━━ DATA SECTION ━━

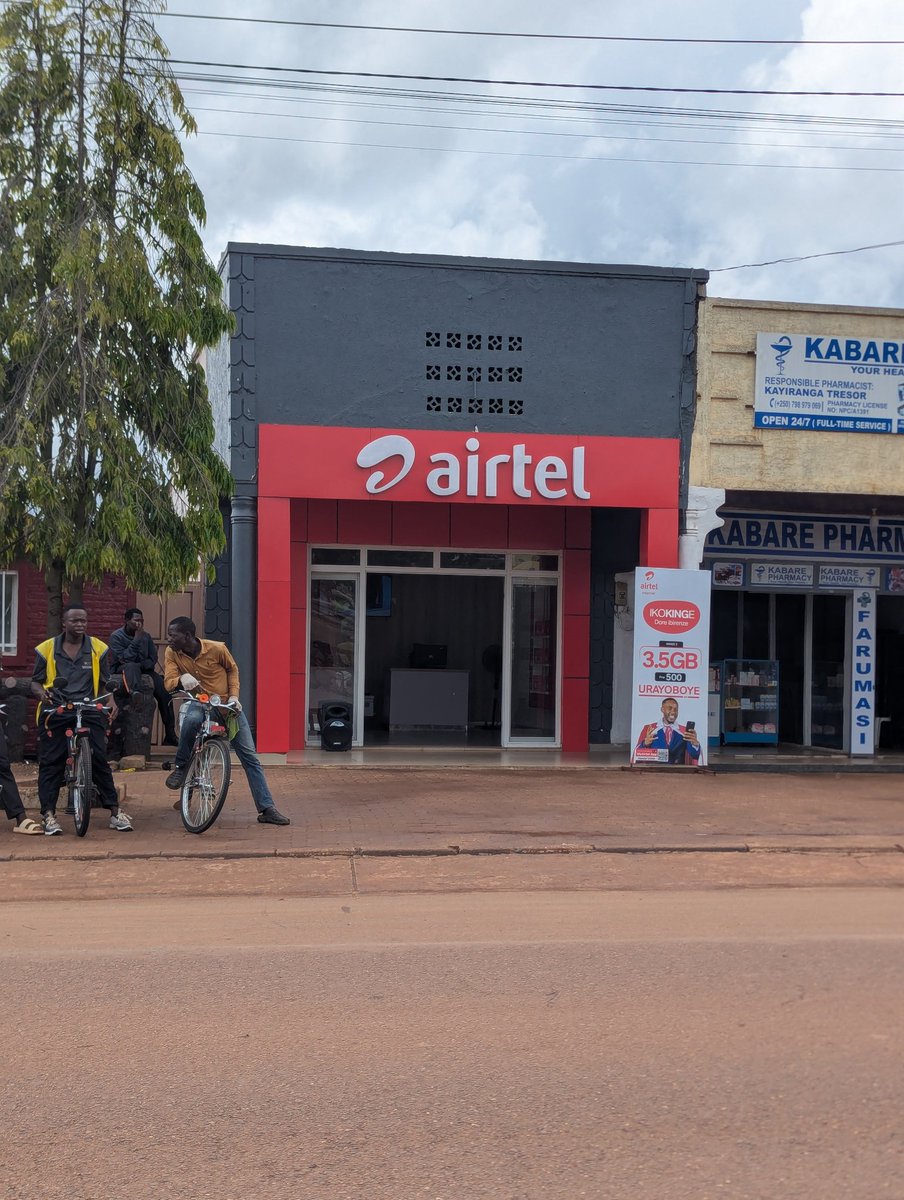Jasper_JCM's tweet photo. Mwaramutse neza @airtelrw turashimira kubwa internet yihuta mutugezaho ariko ishami rwanyu rikorera Kabuga mudufashe bajye baduha invoice kugihe. Nasabye invoice le 09/03/2026 Mbaha purchase code ark nanubu uko ngiyeyo babwirako invoice itaraboneka @rrainfo mudufashe rwose. https://t.co/tVWhwW5paM
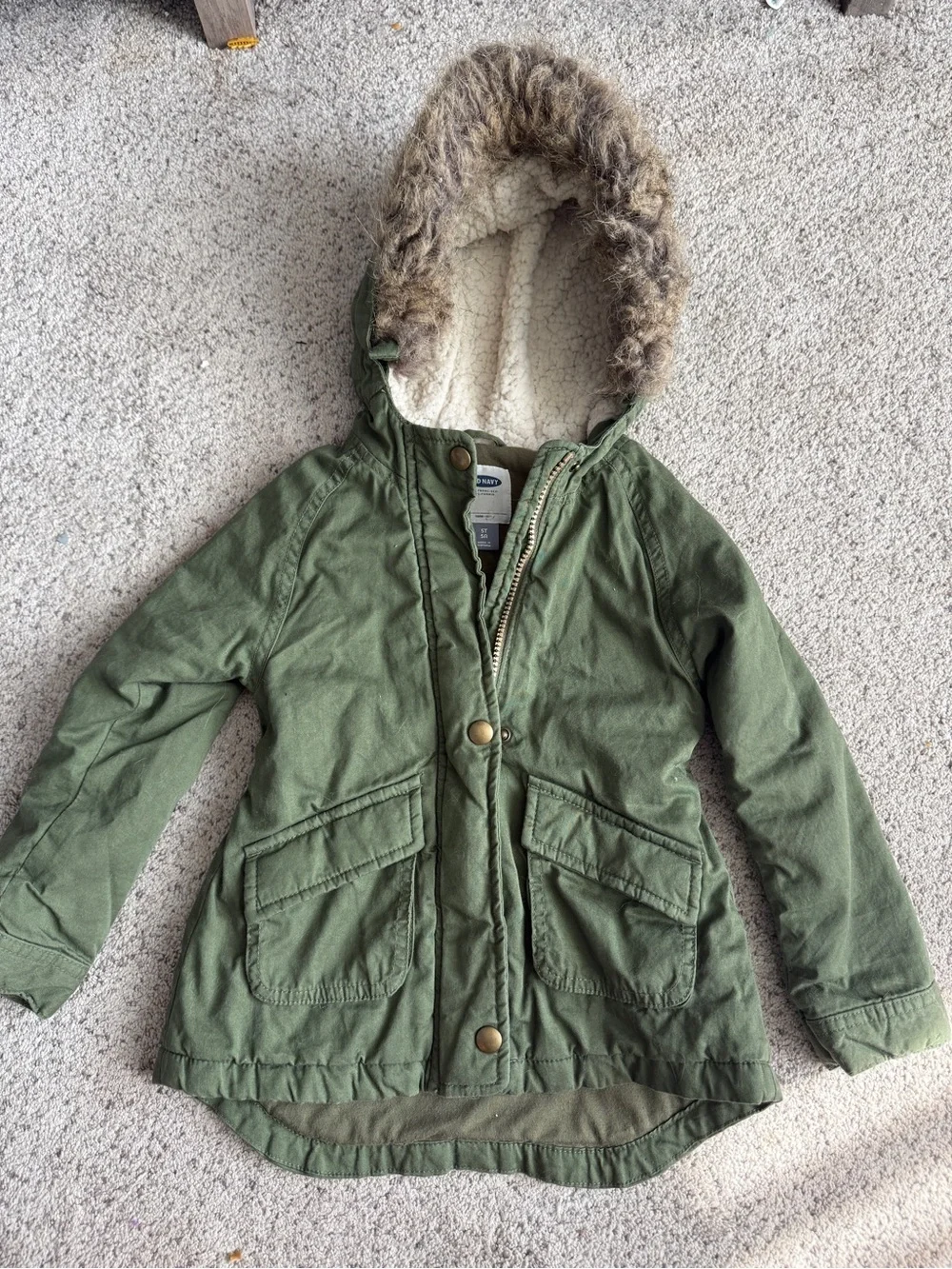 Old Navy Olive Green Hooded Puffer Jacket with Faux Fur Trim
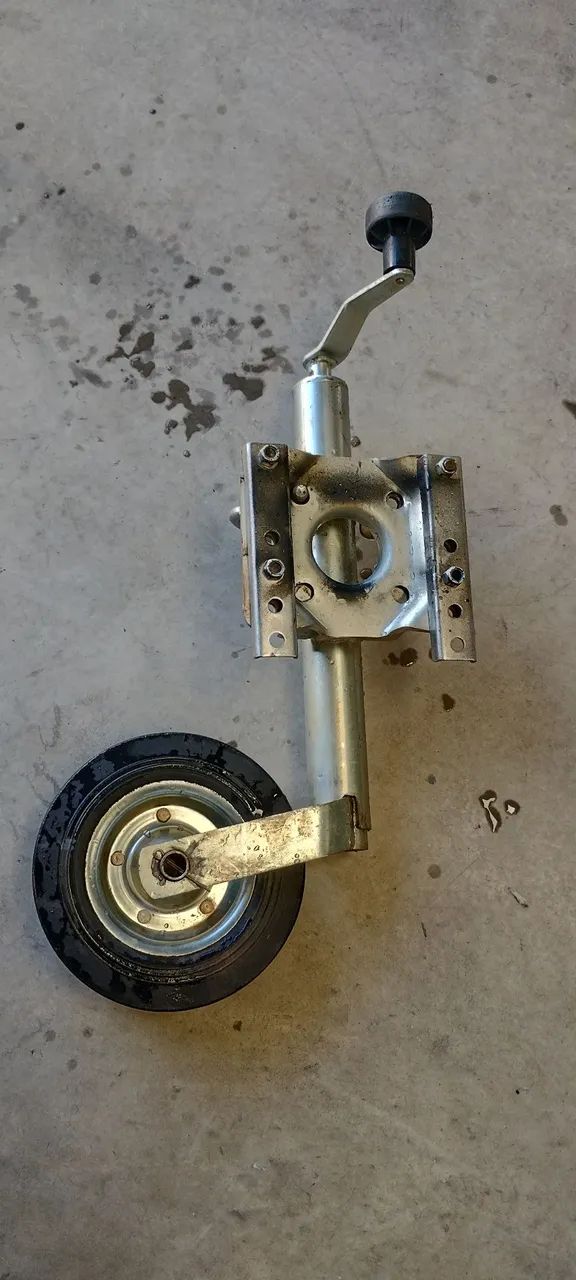 Vendo roda guia pra carretinha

━━━

DESCRIPTION OF THE TASK
Repeat the material exactly as it reads, without any of its pictures.

OUTPUT FOR THIS TASK
Jasper_JCM's tweet photo. Mwaramutse neza @airtelrw turashimira kubwa internet yihuta mutugezaho ariko ishami rwanyu rikorera Kabuga mudufashe bajye baduha invoice kugihe. Nasabye invoice le 09/03/2026 Mbaha purchase code ark nanubu uko ngiyeyo babwirako invoice itaraboneka @rrainfo mudufashe rwose. https://t.co/tVWhwW5paM
 Old Navy Olive Green Hooded Puffer Jacket with Faux Fur Trim
 Vendo roda guia pra carretinha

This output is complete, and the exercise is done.